The given Sturm-Liouville equation is an Euler equation of the following functional:

$\ds J \sqbrk y = \int_a^b \paren {P y'^2 + Qy^2} \rd x$

constrained by a subsidiary condition:

$\ds \int_a^b y^2 \rd x = 1$


Proof

According to Simplest Variational Problem with Subsidiary Conditions, the following equation must hold:

$F_y - \dfrac \rd {\rd x} F_{y'} + \lambda \paren {G_y - \dfrac \rd {\rd x} G_{y'} } = 0$

where:

$F = P y'^2 + Q y^2$
$G = y^2$

Then the Euler equation reads:

$2 Q y - 2 \paren {P y'}' + 2 \lambda y = 0$

Division by $2$ and rearrangement of terms yields the desired result.

$\Box$


By Necessary Condition for Integral Functional to have Extremum for given function, if $y$ is an extremum of $J$, it is also a solution of the Sturm-Liouville equation.


Lemma 2

$J$ is bounded from below.


Proof

Since $Q$ is continuous on an interval, it is bounded.

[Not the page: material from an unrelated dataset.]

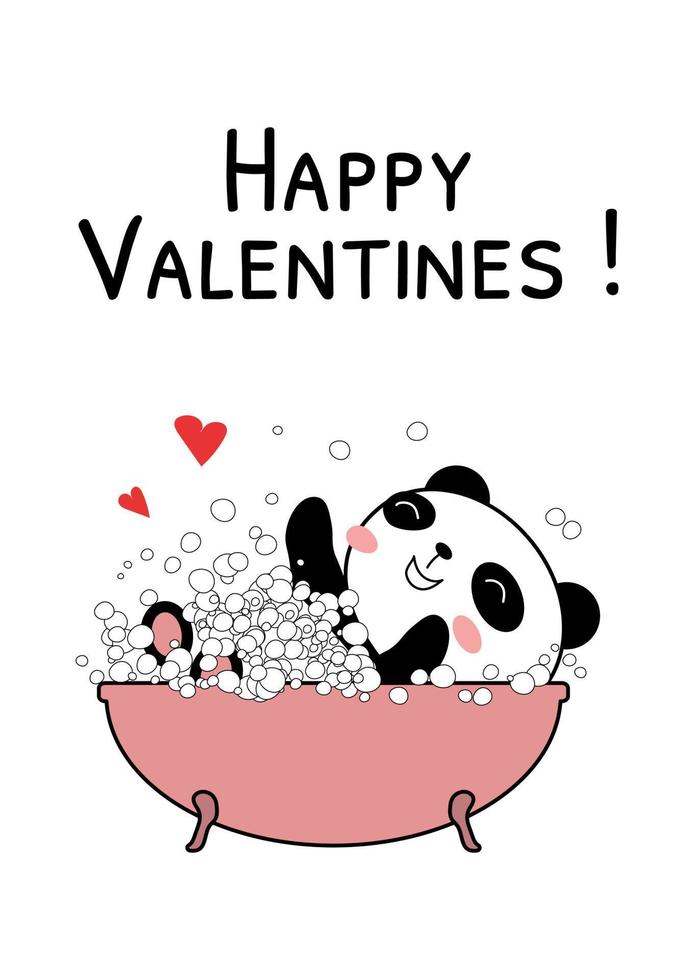 Tarjeta del día de San Valentín con ilustración de vector de panda bebé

Since $P > 0$, it holds that:

$\ds \int_a^b \paren {P y'^2 + Q y^2} \rd x > \int_a^b Q y^2 \rd x \ge M \int_a^b y^2 \rd x = M$

where:

$\ds M = \min_{a \mathop \le x \mathop \le b} \map Q x$

Therefore, $J$ is bounded from below.

$\Box$


Introduce a new variable:

$t := \pi \dfrac {x - a} {b - a}$

Then the interval of consideration $\closedint a b$ is mapped onto $\closedint 0 \pi$.

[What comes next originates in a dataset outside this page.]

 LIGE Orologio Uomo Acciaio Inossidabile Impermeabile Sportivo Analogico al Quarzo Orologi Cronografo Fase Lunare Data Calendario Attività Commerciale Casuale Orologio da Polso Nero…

Choose Ritz sequence $\sequence {\map {\phi_n} t} = \sequence {\sin n t}$, where $n \in \N$.


Lemma 3

The elements of the sequence $\sequence {\sin n t}$ are orthogonal on the interval $\closedint 0 \pi$:

$\ds \int_0^\pi \map \sin {k t} \map \sin {l t} \rd x = \frac \pi 2 \delta_{k l}$


Proof

The product involves two elements of the sequence $\sequence {\map \sin {n t} }$.

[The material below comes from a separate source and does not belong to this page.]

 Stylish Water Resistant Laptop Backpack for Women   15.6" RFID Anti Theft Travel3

Their indices either match each other or not.

Suppose $k = l$.

Then:

\(\ds \int_0^\pi \map {\sin^2} {k t} \rd t\) \(=\) \(\ds \int_0^\pi \frac {1 - \map \cos {2 k t} } 2 \rd t\) Square of Sine
\(\ds \) \(=\) \(\ds \intlimits {\frac \pi 2 - \frac {\map \sin {2 k t} } {4 k} } 0 \pi\)
\(\ds \) \(=\) \(\ds \frac \pi 2\) Sine of Multiple of Pi

Suppose $k \ne l$.

Then:

\(\ds \int_0^\pi \map \sin {l t} \map \sin {k t} \rd t\) \(=\) \(\ds \int_0^\pi \frac {\map \cos {\paren {l - k} t} - \map \cos {\paren {l + k} t} } 2 \rd t\) Werner Formula for Sine by Sine
\(\ds \) \(=\) \(\ds \intlimits {\frac 1 2 \paren {\frac {\map \sin {\paren {l - k} t} } {l - k} - \frac {\map \sin {\paren {l + k} t} } {l + k} } } 0 \pi\)
\(\ds \) \(=\) \(\ds 0\) Sine of Multiple of Pi

By Proof by Cases, the statement is proved.

$\Box$


Let the trial solution be of the following form:

$\ds \map y x = \sum_{k \mathop = 1}^n \alpha_k \map \sin {k \map t x}$

Trial solution has to satisfy boundary and subsidiary conditions.

Boundary conditions are satisfied without further requirements.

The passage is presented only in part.